Given a set of distinct positive integers nums, return the largest subset answer such that every pair (answer[i], answer[j]) of elements in this subset satisfies:

  • answer[i] % answer[j] == 0, or
  • answer[j] % answer[i] == 0

If there are multiple solutions, return any of them.

 

Example 1:

Input: nums = [1,2,3]
Output: [1,2]
Explanation: [1,3] is also accepted.

Example 2:

Input: nums = [1,2,4,8]
Output: [1,2,4,8]

 

Constraints:

  • 1 <= nums.length <= 1000
  • 1 <= nums[i] <= 2 * 109
  • All the integers in nums are unique.
Sample Answer
class Solution:
    def largestDivisibleSubset(self, nums: list[int]) -> list[int]:
        """Implementation of finding the largest divisible subset.

        The approach uses dynamic programming to build the subset. First, the array
        is sorted.
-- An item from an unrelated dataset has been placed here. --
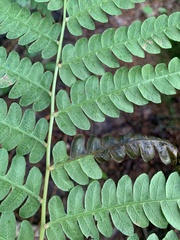 Chirosia filicis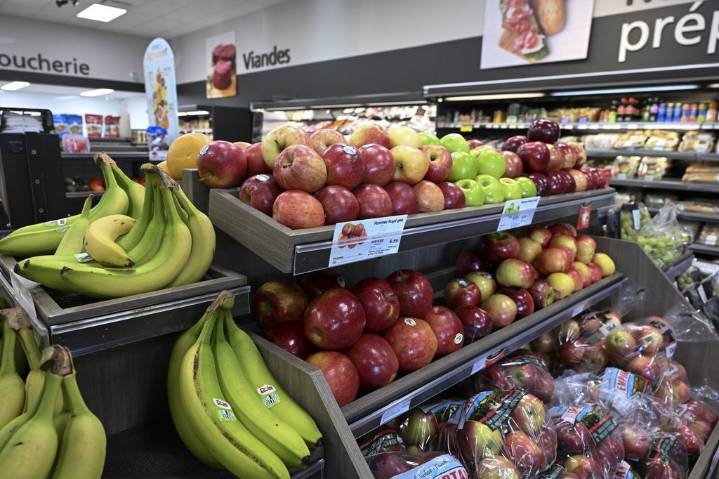 Canadians seeking ways to save on groceries as food costs remain top concern: survey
Then, for each number, it checks if any previous number divides it.
        If it does, it adds the current number to the divisible subset ending with that
        previous number.
        """
        n = len(nums)
        nums.sort()

        # dp[i] stores the largest divisible subset ending with nums[i]
        dp = [([num], 1) for num in nums]  # (subset, length)
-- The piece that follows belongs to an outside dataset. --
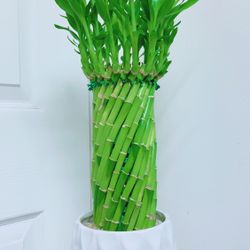 Lucky Bamboo With A Ceramic Pot - Indoor Plant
        largest_subset = []

        for i in range(n):
            for j in range(i):
                if nums[i] % nums[j] == 0:
                    if dp[j][1] + 1 > dp[i][1]:
                        dp[i] = (dp[j][0] + [nums[i]], dp[j][1] + 1)

            if not largest_subset or dp[i][1] > len(largest_subset):
                largest_subset = dp[i][0]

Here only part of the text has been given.